The other hero is a chap originally from Blighty but relocated to Oz, no it’s not Yahtzee Crowshaw, it’s Damian Pallett, a mate of Lorna Brookes (she of Odyssey logistics fame). He’s taken on the challenge of getting me around the Pacific in one piece and before the world ends on December 20th 2012 (if John Cusack is to be believed). And, by Jove I think he’s come up with a solution that in the finest bolt-n-build-your-own-adventure style might just be the golden ticket.
I can’t give to much away at this point, but suffice to say that between myself, Alex and Damian things are beginning to crystallise into what I can only describe as a kick-ass plan that is more cunning than a silver-tongued fox that’s just been appointed professor of cunning linguistics at the University of East Anglia.
BUT FIRST I need to get to Palau and Papua New Guinea (PNG), on my own, unsupported and on a shoestring. This is not going to be easy. Here’s how I’m going to spend my December of 2010:
TODAY: Commence operation HATI-HATI. I need to get the next boat to Sorong in West Papua. This ship will leave the Island of Sulawesi a week tomorrow. I have two options:
1. Wait here in Kupang until Friday, get to Sulawesi on Sunday, get the West Papua ferry on Money
2. Bugger this for a game of soldiers, race back to Bali, GET MY REPLACMENT HAT, take the Pelni ferry leaving Surabaya (Java) a week today. I will arrive at the same time as I would by staying in Kupang.
I opt for…
Right… I have to get down to Kupang port and board the ferry back to the island of Flores. It leaves in a couple of hours. I better get my skates on.
TOMORROW: I have to race as fast as I can across Flores, from West to East. It may take a few days.
WEDNESDAY: Hopefully arrive in Labuanbajo in the East of Flores.
THURSDAY: Morning boat to Sumbawa, overnight bus across the island.
FRIDAY: Ferry to Lombok, Ferry to Bali, bus to Seminyak, meet with Neil, pick up NEW HAT.
SATURDAY: Ferry and bus to Surabaya in Java.
SUNDAY: Pelni Ferry to Makassar in Sulawesi island. Like this:
A WEEK ON WEDNESDAY: Arrive in Sorong, West Papua. Beg the local ex-pats to join me on a (fun!) sailing trip to Helen Reef in Palau. Don’t know how long this will take, could conceivably take the rest of December. Or my life.
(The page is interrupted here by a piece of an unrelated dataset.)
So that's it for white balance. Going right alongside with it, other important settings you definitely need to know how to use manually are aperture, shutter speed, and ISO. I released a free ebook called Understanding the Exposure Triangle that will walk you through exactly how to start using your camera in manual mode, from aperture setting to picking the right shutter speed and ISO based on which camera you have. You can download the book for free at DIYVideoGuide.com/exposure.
GOD KNOWS WHEN: Leave Sorong on the fortnightly Pelni ferry to Jayapura on the border with PNG. This will take two days. Then I have to get from Jayapura to Port Moresby, the capital of PNG – right on the other side of the second-largest island in the world, and one with all the infrastructure of the moon. As always, I will have to do this without flying. Oh, and just to make things doubly impossible, it’ll be the height of the rainy season when I get there, what ‘roads’ exist in the dry will be nothing but a swamp. Here’s what I’ll have to do:
Take a banana boat from VANIMO to AITAPE on the north coast. From there it’s a bus (a PMV) to WEWAK. From there it’s the weekly ferry to MADANG. Then I’ll have to take the Highlands Highway to MENDI (if that’s even possible in the wet season) and from there I’ve just got to hope that the new road from MENDI to KIKORI actually frickin’ well EXISTS (my Lonely Planet informs me it ‘should’ be opening in 2008). From KIKORI I’ll be taking a motor dingy along the south coast to KEREMA and there I’ll be somehow bodge my way to PORT MORESBY, because the road is usually impassable in the dry, god knows what it’s going to be like in the wet.
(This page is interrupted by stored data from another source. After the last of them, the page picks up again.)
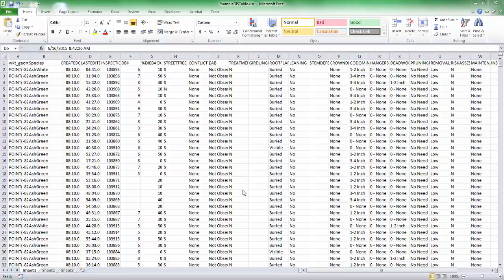Hi, this is Jason, and this will be a short video about how to import an existing inventory of trees into iTree Eco version 6.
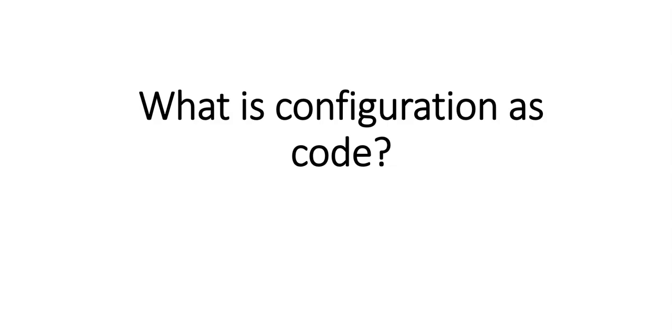I hope you understood what is configuration as code. We'll discuss more on it in the coming videos. Till then, have a good day ahead. Bye bye.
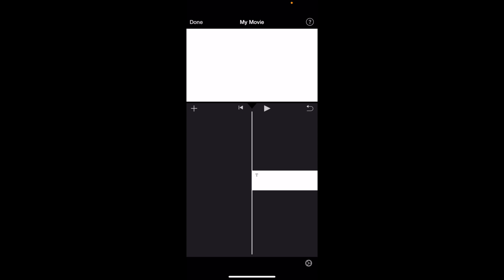In this iMovie tutorial video, I'm going to show you how to make text all lowercase letters. What you can do is first go into iMovie and add some text to your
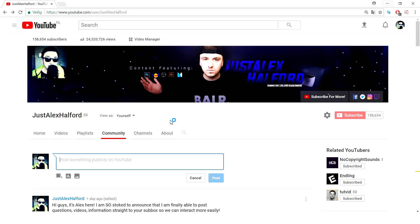Everyone has been requesting info on my recent post. I said: 'Hi guys, it's Alex here. I'm so stoked to announce that I'm finally able to post questions, videos, and information straight to your sub box so we can interact more easily. More info soon — love you all.' This tab has been in beta mode for a couple of months.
The alternative is to take a boat from MADANG to POPENDETTA on the north coast and then travel to the KOKODA TRACK and HIKE the 90km to where the road starts again at MEDITOGO VILLAGE. This track is a real slog over mountainous jungle terrain (rising to over 3000 metres) and takes between six and eleven days IN THE DRY SEASON. In the wet season I would probably not even be able to find a guide who’d be up for it, even if the track was passable, which I’m guessing it wouldn’t be. It’s not really an alternative, but I just want you to understand how difficult it’s going to be to just get to Port Moresby: it may take me to the end of January JUST TO GET TO TWO COUNTRIES.
Well, that’s what I’m doing for Christmas – and as PNG is a very dangerous place where life is cheap, I may well find myself watching the Queen’s speech from the discomfort of a large cooking pot. Today I sat in Edwin’s gaff organising the next twelve countries after Palau and PNG with Damian and Alex, hopefully they won’t be as arduous. I would have liked to speak to Dino, the Odyssey’s very own Mr. Bojangles, however he would have been fast asleep: I’m seven hours ahead of GMT here. Soz Dino.
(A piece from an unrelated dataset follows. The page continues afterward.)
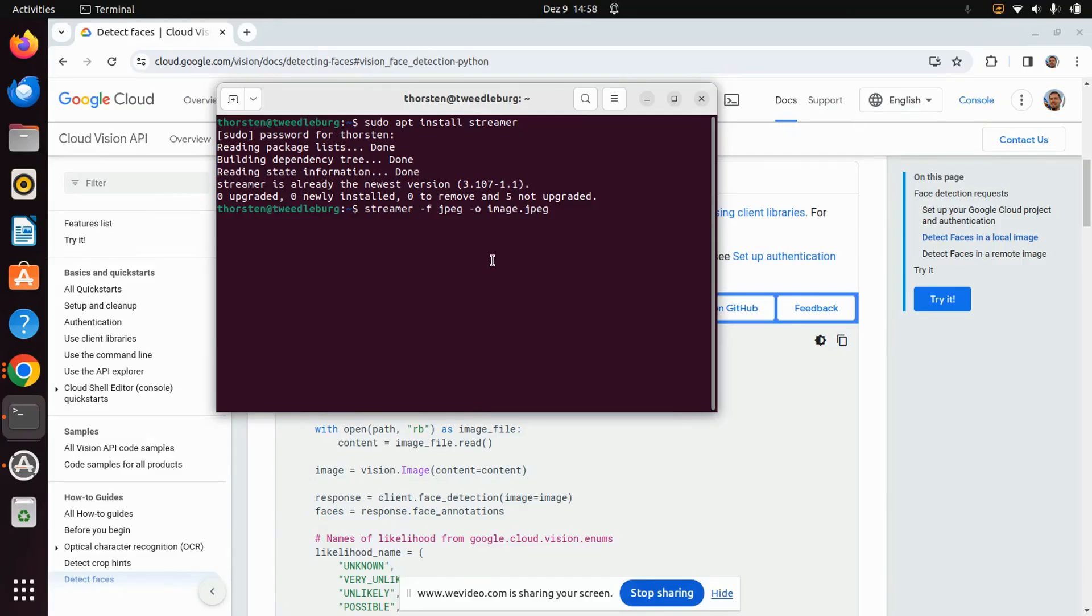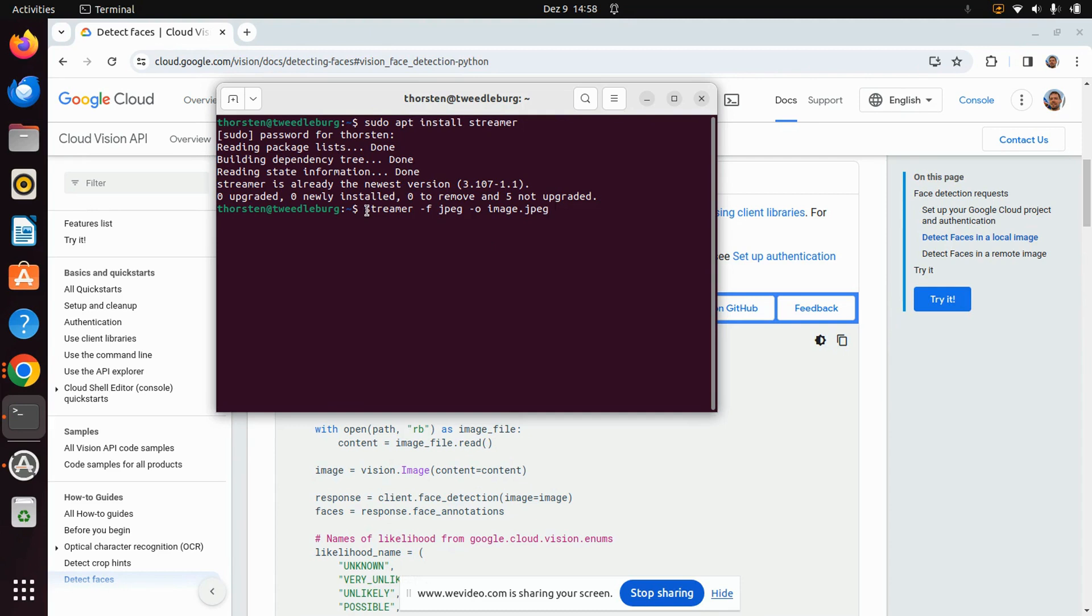The first step is that you get a decent way to get pictures from your webcam. For this I installed the program streamer using the command sudo apt install streamer. Now I can get pictures from the webcam using this command here.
Interestingly, I have now (in my life) been to every country in the world beginning with the letters A, B, C, D and E. I haven’t been to Fiji yet so F doesn’t get a tick, but I have been everywhere beginning with the letters G, H, I, J, L, O (which is just Oman), Q (which is just Qatar), R, U, W, Y (just Yemen!) and Z.
The only letters I still need for the set are F, K, P, N, M, S and T.
Sadly, no country begins with the letter ‘X’. I will rectify this some day when I buy an island in the Pacific and Christen it ‘XXX’. It would look great on my country slide at the UN – people would think I was a spy. Or the owner of a porn site. Either is good.
By 3.30pm it was time for me to launch OPERATION HATI-HATI.
After cheerios to Edwin I set off to the port for the 4 o’clock ferry to Larantuka in Flores. Only it was more like the 3.25pm ferry to Larantuka, so I was damn lucky to get on board in time. Something I was less fortunate about was the seating arrangement. The ‘Executive’ Class did mean I wouldn’t have to sleep with the cattle (no, really) but it didn’t exactly guarantee me a bed. Or a seat for that matter. This is going to be one uncomfortable night.
One thing that was quite cool though: they have Indosat on this ship and they showed my TV program. Quite a surreal experience being on TV in the midst of the madness that is an Indonesian ferry crossing. There’s mothers and children strung out all over every available bit of floor, much in the manner of the end of Radiohead’s video for ‘Just’. I’m currently sitting on the wing of the ship, just outside the bridge. It’s cooler out here and I feel less sea sick.
I shudder to think that when THE PACIFIC LEG begins in earnest next year, I may be at sea for two months solid. Groan. But as Roy Castle once said, if you wanna be a record breaker, dedication’s what you need.
This Post Has 2 Comments
I have been overland from Moresby to Jayapura in the wet season so it can definitely be done (albiet the other way). You can get from Wewak to Madang in two days via Luship or on the Madang Queen. there is no direct road between these two places due to the Sepik river.
I have a feeling there is a way to the south coast of PNG via a track near Mt Hagen and another near Lae but both will require considerable walking. The Kokoda track is definitely passable in the wet by the way, floods permitting.
Thanks Steve, that’s good news. I’ll be following your advice.